She wrapped the bullet up; put it carefully away; had a good cry; and was herself again.
But all this set her watching Griffith, and reading his face. She had subtle, vague misgivings, and forbade her mother to mention the pedler's visit to Griffith yet awhile. Womanlike she preferred to worm out the truth.
On the evening of his return from Lancaster, as he was smoking his pipe, she quietly tested him. She fixed her eyes on him, and said, "One was here to-day that knows thee, and brought thee this." She then handed him the bullet, and watched his face.
Griffith undid the paper carelessly enough; but, at sight of the bullet, uttered a loud cry, and his eyes seemed ready to start out of his head.
He turned as pale as ashes, and stammered piteously, "What? what? what d'ye mean? In Heaven's name, what is this? How? Who?"

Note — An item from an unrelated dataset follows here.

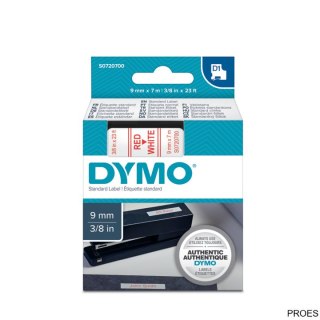 Taśma DYMO D1 - 9 mm x 7 m, czerwony / biały S0720700 do drukarek etykiet (X)
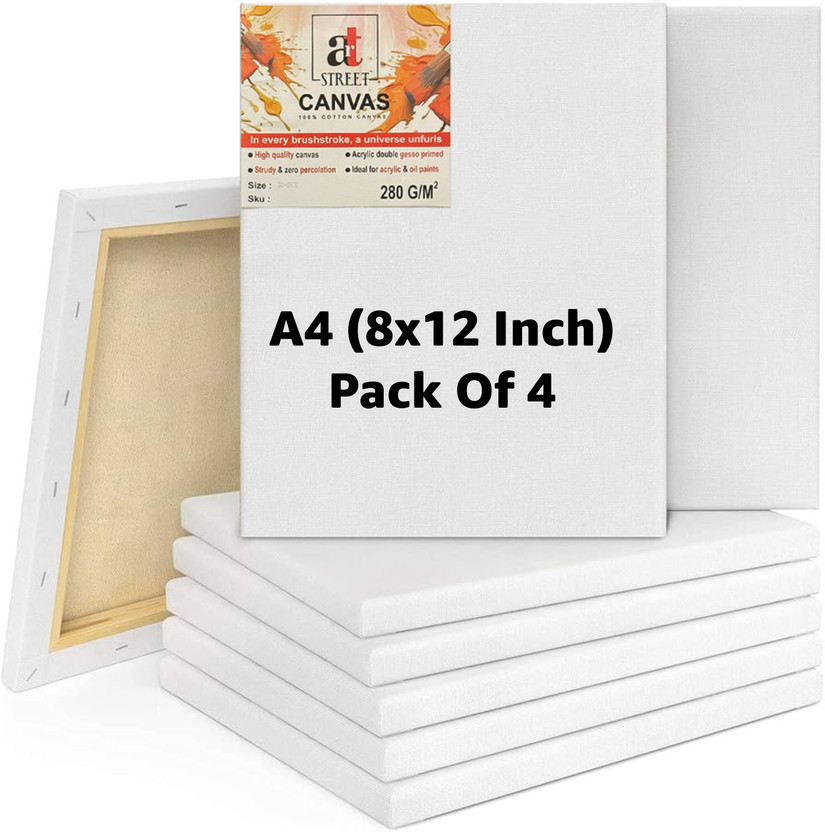 Art Street Primed 8x12 Inch Canvas with Wooden Frame for Acrylic and Oil Color Painting Cotton Medium Grain Pre Stretched Canvas (Set of 4)(White)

Mercy was surprised, but also much concerned at his distress; and tried to soothe him. She also asked him piteously, whether she had done wrong to give it him. "God knows," said she, "'t is no business of mine to go and remind thee of her thou hast loved better mayhap than thou lovest me. But to keep it from thee, and she in her grave,—O, I had not the heart."
But Griffith's agitation increased instead of diminishing; and, even while she was trying to soothe him, he rushed wildly out of the room, and into the open air.

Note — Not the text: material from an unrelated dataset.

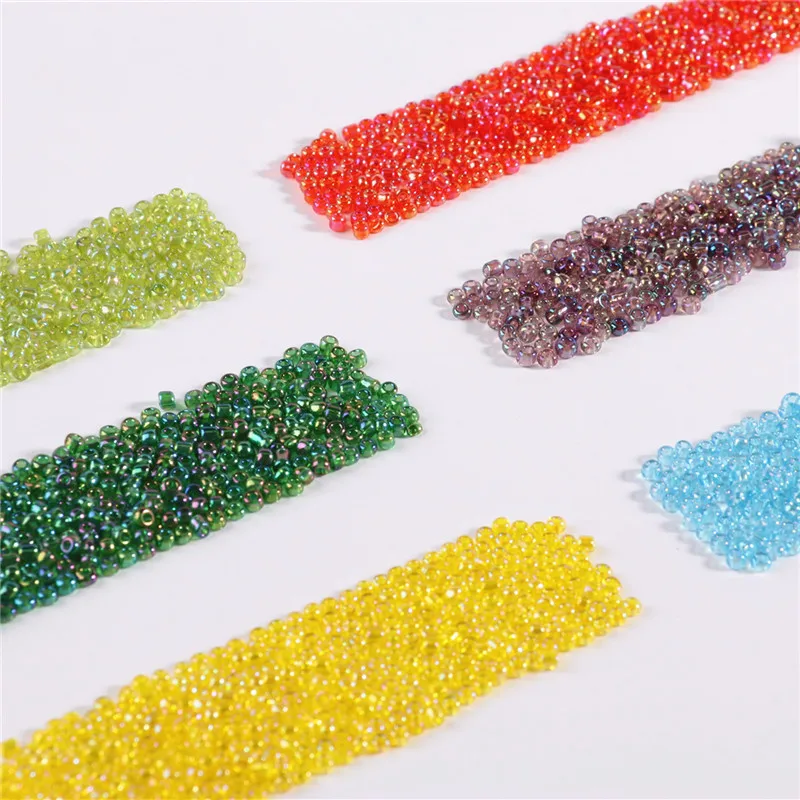 

600Pcs/Lot 2mm Brilliant Transparent Seed Beads DIY 11/0 Glass Bugle Seedbeads For Craft Jewelry Garment Sewing Accessories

Mercy went, in perplexity and distress, and told her mother.
Mrs. Vint, not being blinded by affection, thought the whole thing had a very ugly look, and said as much. She gave it as her opinion that this Kate was alive, and had sent the token herself, to make mischief between man and wife.
"That shall she never," said Mercy, stoutly; but now her suspicions were thoroughly excited, and her happiness disturbed.

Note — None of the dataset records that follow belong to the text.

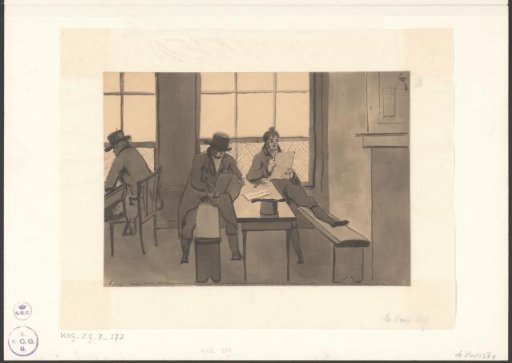 Message in the Bataafsche Staats Courant about Rutger Jan Schimmelpenninck being read in the coffee house
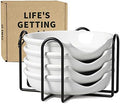 LE TAUCI Ceramic Spoon Rest with Holder, 4.8 Inches, Set of 4, White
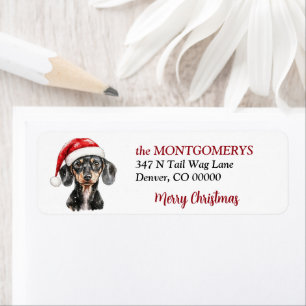 Étiquette Chapeau de Père Noël Dachshund Adresse de Retour d
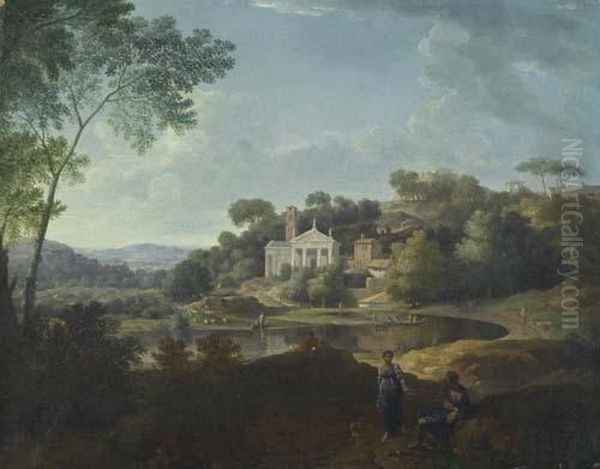 Landscape With Temple And Campanile Near A Lake. Oil Painting by Jan Frans Van Bloemen (Orizzonte)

The next day, Griffith found her in tears. He asked her what was the matter. She would not tell him.
"You have your secrets," said she; "and so now I have mine."
Griffith became very uneasy.
For now Mercy was often in tears, and Mrs. Vint looked daggers at him.
All this was mysterious and unintelligible, and, to a guilty man, very alarming.
At last he implored Mercy to speak out. He wanted to know the worst.
Then Mercy did speak out. "You have deceived me," said she. "Kate is alive. This very morning, between sleeping and waking, you whispered her name; ay, false man, whispered it like a lover. You told me she was dead. But she is alive, and has sent you a reminder, and the bare sight of it hath turned your heart her way again. What shall I do? Why did you marry me, if you could not forget her? I did not want you to desert any woman for me. The desire of my heart was always for your happiness. But O Thomas, deceit and falsehood will not bring you happiness, no more than they will me. What shall I do? what shall I do?"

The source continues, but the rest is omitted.